## Provided data:
----------------
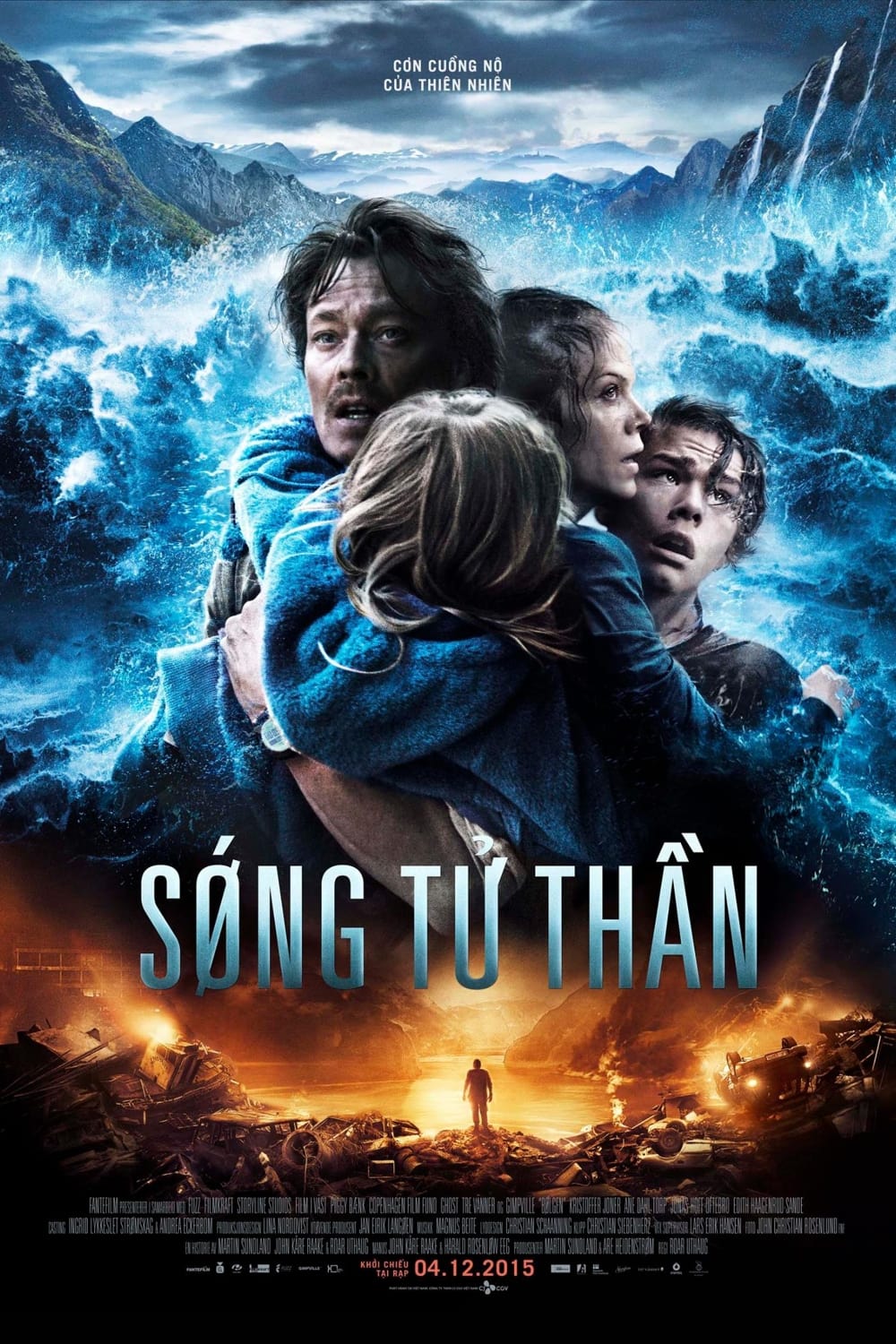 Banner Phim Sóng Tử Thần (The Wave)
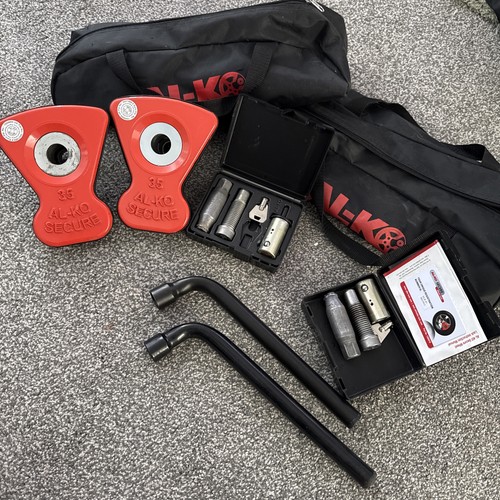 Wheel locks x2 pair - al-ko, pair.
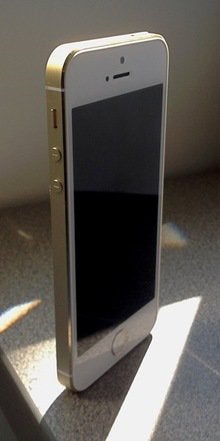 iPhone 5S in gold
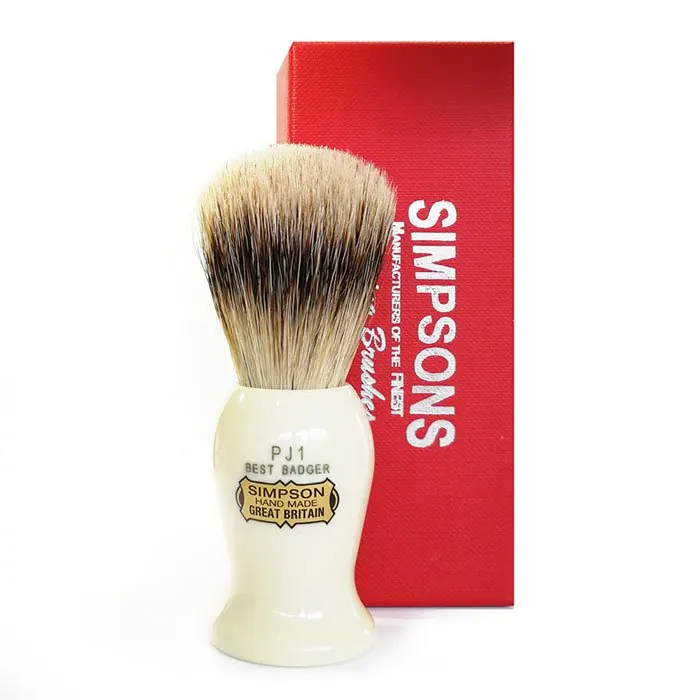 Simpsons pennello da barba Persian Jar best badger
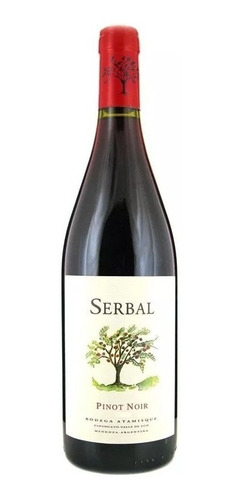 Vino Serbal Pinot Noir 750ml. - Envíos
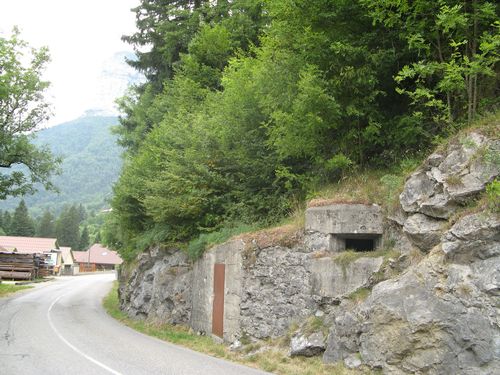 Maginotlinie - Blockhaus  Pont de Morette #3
----------------
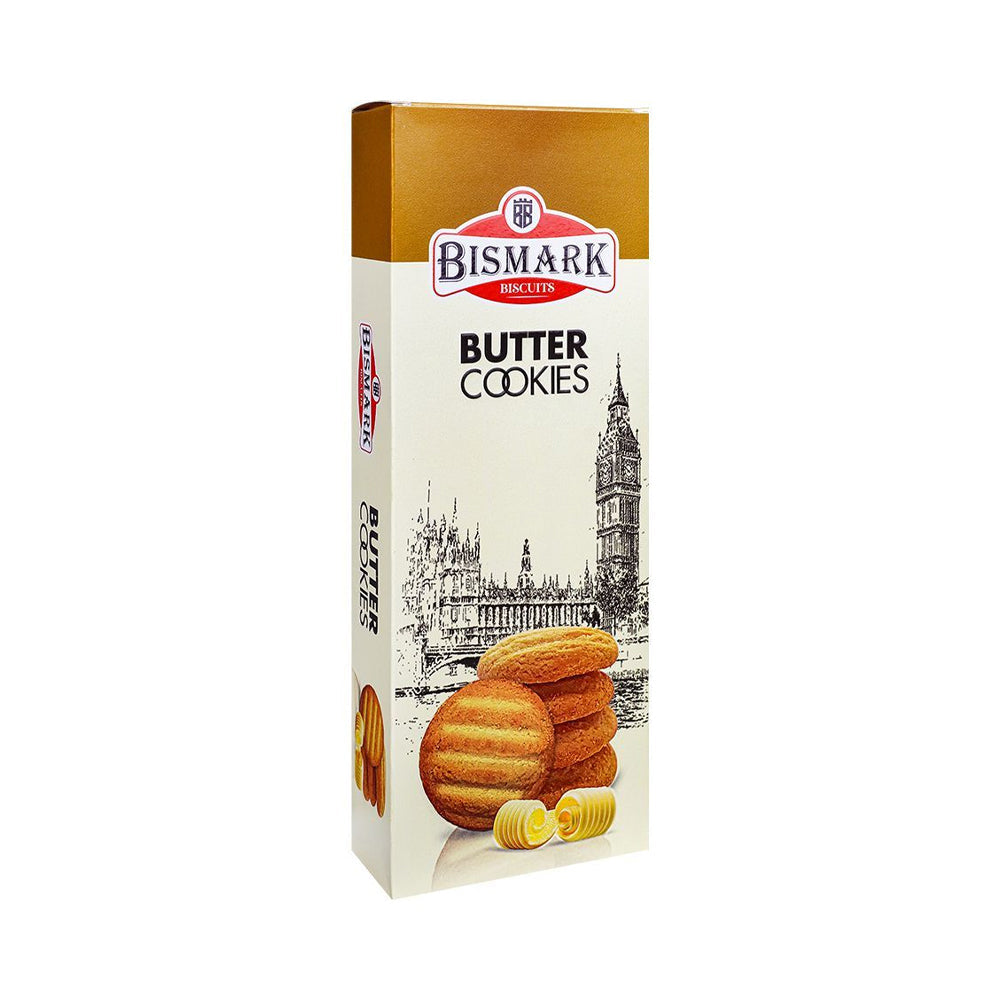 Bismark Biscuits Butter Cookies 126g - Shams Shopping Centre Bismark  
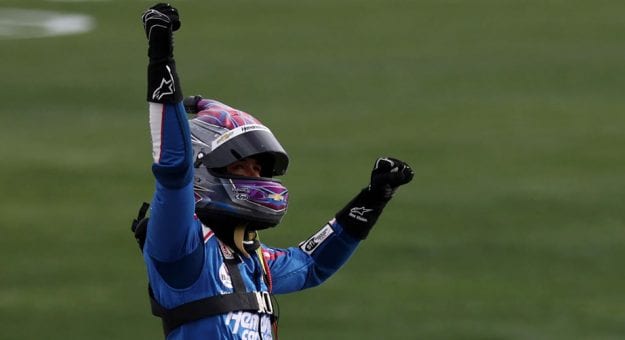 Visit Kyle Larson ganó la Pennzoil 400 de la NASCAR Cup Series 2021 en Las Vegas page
----------------
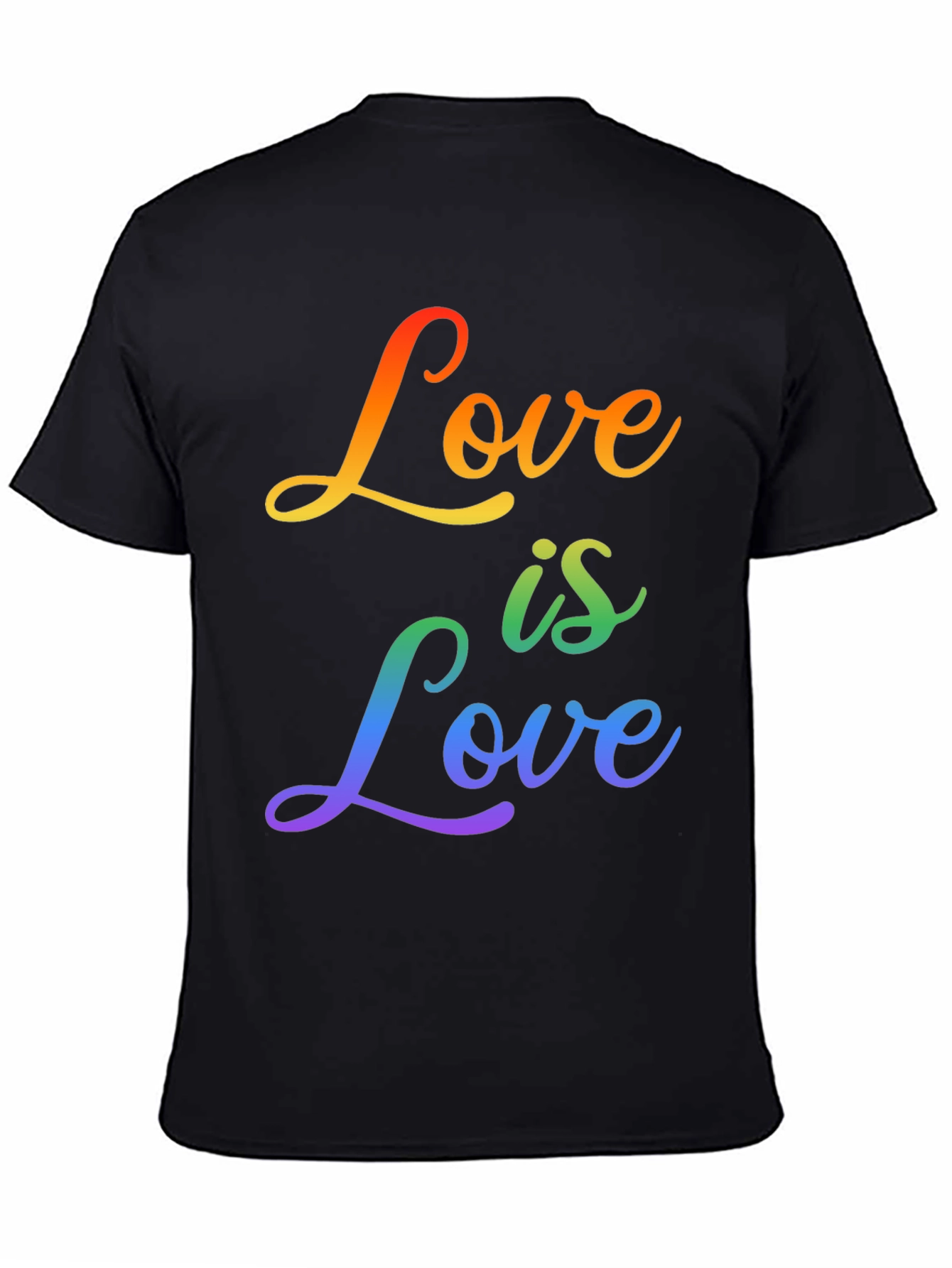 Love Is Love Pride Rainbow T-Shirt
----------------
## Task to complete:
Would you give again, exactly, the lines in the data above that run from the line containing "Vino Serbal Pinot Noir 750ml. - Envíos" to the line containing "Maginotlinie - Blockhaus"? Include both ends and no pictures.

## Reply:
 Vino Serbal Pinot Noir 750ml. - Envíos
 Maginotlinie - Blockhaus  Pont de Morette #3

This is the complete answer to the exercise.